Il risultato finale per le poverette nelle grinfie di Belen e del frullatore Mediaset non è assolutamente migliore: prima passano attraverso uno svilente percorso di cambiamenti, e di ingiunzioni – “cambia qua, fai così, metti su, leva questo, butta quello, fai ridere, è orrendo, che è ‘sta roba etc” – e a parte trucco e pettinatura professionali, che migliorano chiunque, le ragazze alla fine sono meno spontanee, con abiti improbabili e inadatti, tacchi sui quali non sanno camminare, e molto più goffe. Insomma sono finalmente un fragile prodotto per il mercato. Appunto ora sono come vogliono, ma loro. E per questa capitolazione definitiva di se stesse nelle mani di qualcuno le poverette si piacciono un sacco allo specchio, fino alla commozione. Così decidono di partire, tacchi in resta, e sguardo bistrato, alla conquista di lui che prima non era così convinto, e ora dirà: caspita che hai fatto ! (si vede che recitano da un chilometro di distanza).

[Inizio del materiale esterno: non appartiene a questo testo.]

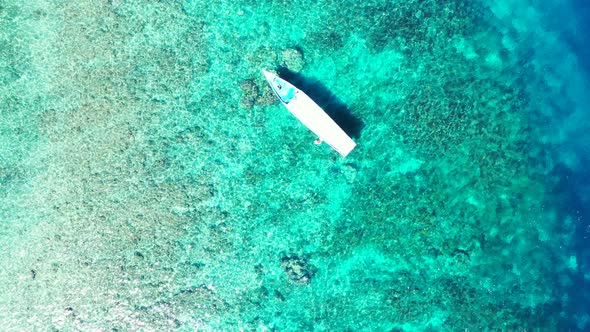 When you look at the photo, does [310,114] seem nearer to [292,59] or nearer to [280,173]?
[292,59]

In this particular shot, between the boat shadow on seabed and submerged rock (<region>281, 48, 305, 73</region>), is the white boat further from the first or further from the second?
submerged rock (<region>281, 48, 305, 73</region>)

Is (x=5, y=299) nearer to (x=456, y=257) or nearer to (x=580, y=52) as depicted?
(x=456, y=257)

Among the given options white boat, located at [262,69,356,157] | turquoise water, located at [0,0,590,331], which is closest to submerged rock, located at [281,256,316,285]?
turquoise water, located at [0,0,590,331]

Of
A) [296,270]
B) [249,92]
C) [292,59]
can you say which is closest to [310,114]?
[292,59]

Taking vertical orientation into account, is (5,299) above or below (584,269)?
below

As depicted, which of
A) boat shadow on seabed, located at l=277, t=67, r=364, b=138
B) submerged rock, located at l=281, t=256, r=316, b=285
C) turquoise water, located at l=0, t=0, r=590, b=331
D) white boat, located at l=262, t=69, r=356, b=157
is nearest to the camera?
white boat, located at l=262, t=69, r=356, b=157

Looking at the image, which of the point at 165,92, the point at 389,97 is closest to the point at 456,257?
the point at 389,97

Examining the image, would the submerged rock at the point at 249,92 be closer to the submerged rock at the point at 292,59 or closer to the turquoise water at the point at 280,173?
the turquoise water at the point at 280,173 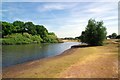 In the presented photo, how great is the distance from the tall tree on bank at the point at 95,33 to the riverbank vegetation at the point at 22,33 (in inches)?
1560

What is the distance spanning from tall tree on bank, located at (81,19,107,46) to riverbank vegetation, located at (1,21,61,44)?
3962 centimetres

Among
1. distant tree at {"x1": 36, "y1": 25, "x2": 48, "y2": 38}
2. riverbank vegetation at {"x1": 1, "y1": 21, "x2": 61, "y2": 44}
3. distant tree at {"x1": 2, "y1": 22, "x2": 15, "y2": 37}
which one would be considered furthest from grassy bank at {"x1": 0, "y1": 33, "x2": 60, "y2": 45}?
distant tree at {"x1": 36, "y1": 25, "x2": 48, "y2": 38}

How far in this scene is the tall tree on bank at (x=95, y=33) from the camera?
64312mm

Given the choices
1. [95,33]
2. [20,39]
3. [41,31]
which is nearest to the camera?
[95,33]

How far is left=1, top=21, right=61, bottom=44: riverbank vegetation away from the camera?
100012 mm

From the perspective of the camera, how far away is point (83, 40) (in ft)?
224

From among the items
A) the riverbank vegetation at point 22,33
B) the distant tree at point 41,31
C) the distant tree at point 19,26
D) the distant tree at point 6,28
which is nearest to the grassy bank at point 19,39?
the riverbank vegetation at point 22,33

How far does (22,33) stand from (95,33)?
56857 millimetres

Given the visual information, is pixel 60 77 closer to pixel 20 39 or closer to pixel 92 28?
pixel 92 28

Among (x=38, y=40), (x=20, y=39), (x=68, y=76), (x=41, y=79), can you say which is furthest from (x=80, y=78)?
(x=38, y=40)

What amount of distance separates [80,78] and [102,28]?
170 feet

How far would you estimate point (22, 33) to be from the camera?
4449 inches

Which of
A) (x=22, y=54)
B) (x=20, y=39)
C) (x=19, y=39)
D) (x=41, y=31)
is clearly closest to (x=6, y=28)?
(x=19, y=39)

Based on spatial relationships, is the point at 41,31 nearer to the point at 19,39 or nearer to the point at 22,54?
the point at 19,39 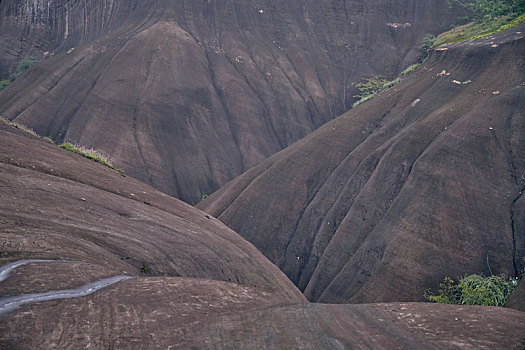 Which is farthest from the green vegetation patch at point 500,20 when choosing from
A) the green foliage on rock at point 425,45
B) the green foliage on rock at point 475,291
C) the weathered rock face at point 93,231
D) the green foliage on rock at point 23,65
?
the green foliage on rock at point 23,65

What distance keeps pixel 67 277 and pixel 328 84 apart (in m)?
52.0

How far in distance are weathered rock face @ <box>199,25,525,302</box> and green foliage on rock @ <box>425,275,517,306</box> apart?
651 mm

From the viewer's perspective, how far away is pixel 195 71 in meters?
51.2

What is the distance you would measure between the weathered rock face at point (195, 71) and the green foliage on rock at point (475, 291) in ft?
89.5

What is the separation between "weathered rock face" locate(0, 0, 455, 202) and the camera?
4394 cm

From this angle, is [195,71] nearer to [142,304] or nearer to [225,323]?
[142,304]

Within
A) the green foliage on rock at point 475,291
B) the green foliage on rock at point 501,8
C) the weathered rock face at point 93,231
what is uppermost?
the green foliage on rock at point 501,8

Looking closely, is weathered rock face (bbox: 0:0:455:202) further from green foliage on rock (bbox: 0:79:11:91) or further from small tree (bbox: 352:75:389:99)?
green foliage on rock (bbox: 0:79:11:91)

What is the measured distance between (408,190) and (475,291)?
689 cm

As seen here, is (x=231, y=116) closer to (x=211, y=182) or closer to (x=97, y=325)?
(x=211, y=182)

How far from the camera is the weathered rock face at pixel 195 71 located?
43938mm

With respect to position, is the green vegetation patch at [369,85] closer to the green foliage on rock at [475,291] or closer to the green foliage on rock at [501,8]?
the green foliage on rock at [501,8]

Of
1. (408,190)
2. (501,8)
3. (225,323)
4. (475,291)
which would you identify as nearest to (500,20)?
(501,8)

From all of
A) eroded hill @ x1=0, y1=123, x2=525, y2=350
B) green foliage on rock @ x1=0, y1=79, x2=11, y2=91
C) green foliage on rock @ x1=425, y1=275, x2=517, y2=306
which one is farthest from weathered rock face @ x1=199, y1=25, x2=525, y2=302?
green foliage on rock @ x1=0, y1=79, x2=11, y2=91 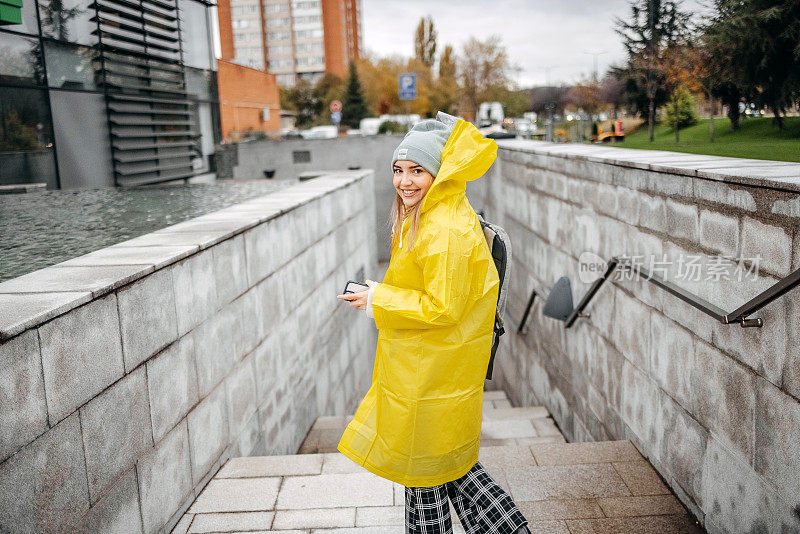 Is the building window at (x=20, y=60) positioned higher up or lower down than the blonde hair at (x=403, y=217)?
higher up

Una petizione indignatissima e con gran seguito circola in questi giorni sui social, attraverso la piattaforma Change.org. Le osservazioni sono tutte sensate, ma soprattutto tengono conto di un dibattito presente in Italia da almeno 5 anni che riguarda le donne, la loro rappresentazione, la fragilizzazione della personalità, e il maschilismo con le conseguenze note. Insomma quando si dice “è anche una questione culturale” e anche “i media dovrebbero essere più responsabili”, ecco non sono parole generiche, ci sono programmi come quello.
In verità se il programma finisse con una tipa che si sente più a suo agio, a prescindere da qualsiasi ingiunzione, ma solo esprimendo se stessa, con l’aiuto di qualche look manager, potrebbe essere un divertente spettacolo di intrattenimento in cui si gioca con prodotti di mercato e con la propria identità, mostrando magari che ci si può migliorare, purché ci si trovi nei panni giusti per sé.
Invece il cuore della questione è davvero il perché fanno questo: a parte la puntata della mamma da fare felice, in genere lo sforzo di cambiarsi è per acciuffare un qualche poveretto che sfugge, o che non ci sta, o che non ci pensa. “I maschi scappano” dice Belen con fare da stalker.
E per fortuna lo fanno. Chi infatti dovrebbe indignarsi di questa trasmissione sono proprio gli uomini, rappresentati come povere vittime di un’equipe di venditori di cianfrusaglie che tramano alle loro spalle, perché finalmente possano cadere nel trappolone che le tendono delle pazze, capitanate da una più pazza di loro.